O espaço público da feira encanta todos aqueles que passam por ali com sua miscelânea de mercadorias, cores, cheiros, sons e sabores e pelo visto atrai um público diversificado vindo de todo o município e cidades circunvizinhas. Era domingo de sol escaldante e pude notar que  a maioria das pessoas que ali estavam presentes era de certa composição familiar, muitas crianças, adolescentes acompanhados e desacompanhados e pessoas de terceira idade. Crianças faziam fila para tomar um sorvete cremoso de casquinha feito na hora na máquina. Observei muitas mulheres com vestidos coloridos, de salto alto, algumas maquiadas e, ao menos, duas meninas na faixa etária de 6 a 8 anos, também maquiadas, com sombra e batom. Pessoas munidas de telefone celular, mais observavam a tela do aparelho do que o rosto de seus companheiros de passeio. Poucos visitantes interagem com os vendedores das barracas. Vi muita lata de cerveja na mão dos adultos e torres de chopp se destacavam em quase todas as mesas que ocupam as calçadas. Uma grande quantidade de lixo no chão também faz parte deste cenário.

A partir das conversas informais no espaço da feira, foi possível notar que os vendedores provêm de regiões diversas: Itapecerica da Serra, da região do Embu, Barueri, Cotia. Como personagens principais desta observação, temos Moisés, músico peruano que se mudou para o Embu nos anos 90. Ele toca bumbo na banda Nazca que performa músicas ancestrais indígenas do Peru e Bolívia no largo desde 1998. Fala com nostalgia sobre outras épocas vivenciadas na feira. Relata que era muito melhor e que agora os políticos estão acabando com o patrimônio cultural do Embu. Alega que os restaurantes estão tomando a praça e acabando com a feira. Lembra que muitos canteiros e árvores foram podadas para abertura de mais bares. O som alto dos bares e restaurantes tem prejudicado muito o seu trabalho como músico, pois não há como disputar com o sertanejo, que é popular nos dias atuais. Lamenta também o fato de ter muita gente bêbada a partir de certa hora do dia, pessoas usando drogas e depredando esculturas e outras preciosidades do local.

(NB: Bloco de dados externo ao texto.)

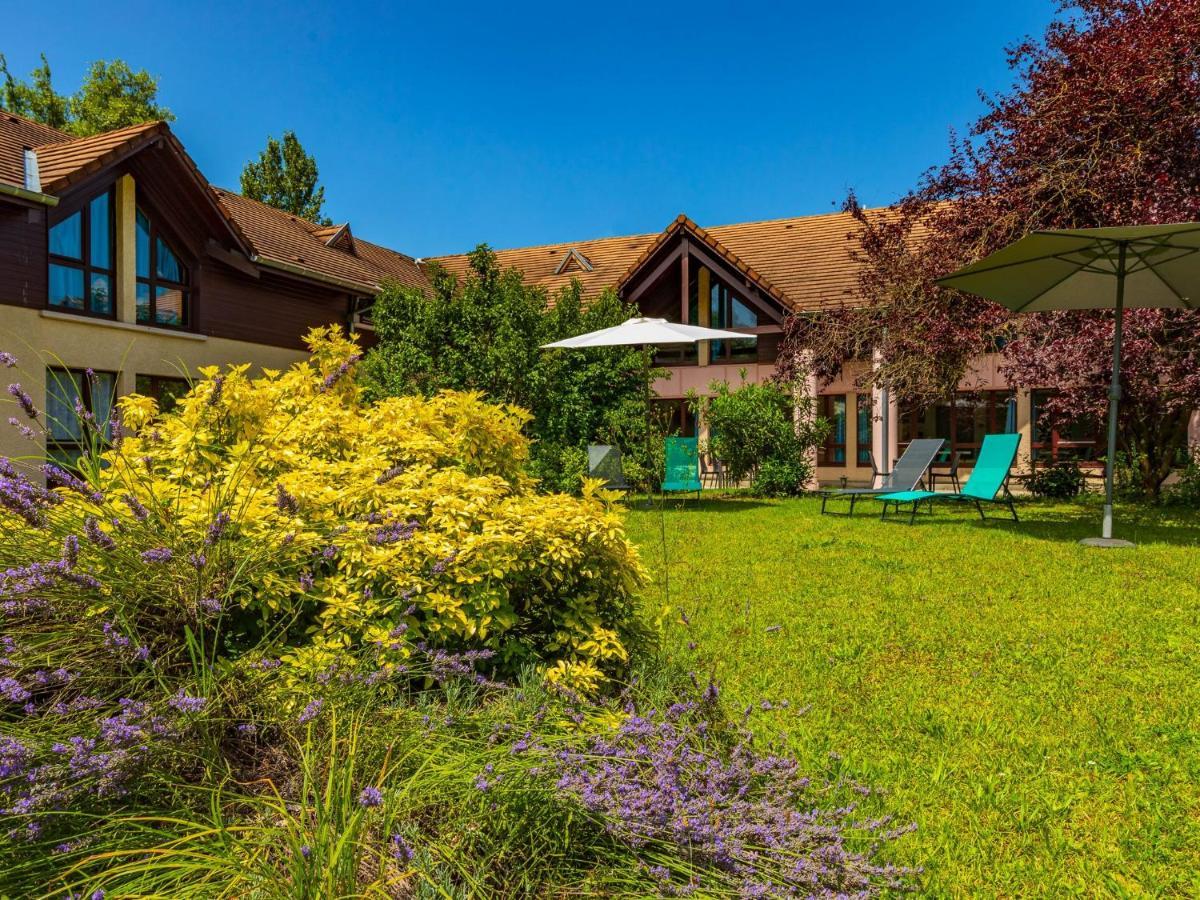 Noemys Viviers-Du-Lac Buitenkant foto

Mari é uma artesã que confecciona bonecas de pano. Mora em Barueri e vende seus produtos online através da loja Elo7, além de expor na feira de artesanato do Embu. Diz que apenas com a venda durante a feira não garante o seu sustento. Relata que poucas pessoas valorizam o trabalho que dá e querem pagar o preço; e lamenta que as vendas tenham caído muito ao longo dos anos. Ela observa que muitas pessoas vêm para Embu para comprar nos inúmeros outlets de roupas que abriram, e acabam passando na feira só para comer e ir embora. Não estão interessados em arte.

Kalu é Cacique da tribo xingu Kalapalu e há dez anos vende artesanatos indígenas na feira. Lembra que o Centro Histórico abrigava ateliês, onde pintores, escultores, forjadores, entalhadores e ourives produziam obras de grande beleza e refinamento, encantando os milhares de turistas que visitavam semanalmente. Hoje, ele observa que os turistas vêm para comer e beber e pouco dão importância para a arte que está sendo exposta. Notou que ao longo dos anos lojas especializadas na venda de antiguidades estão cedendo lugar para bancos e comércio de produtos chineses. Contudo, ele acredita ser sua missão continuar expondo seus artesanatos indígenas como forma de honrar sua ancestralidade, que se instalou na região do Embu e era o povo predominante em outras épocas. 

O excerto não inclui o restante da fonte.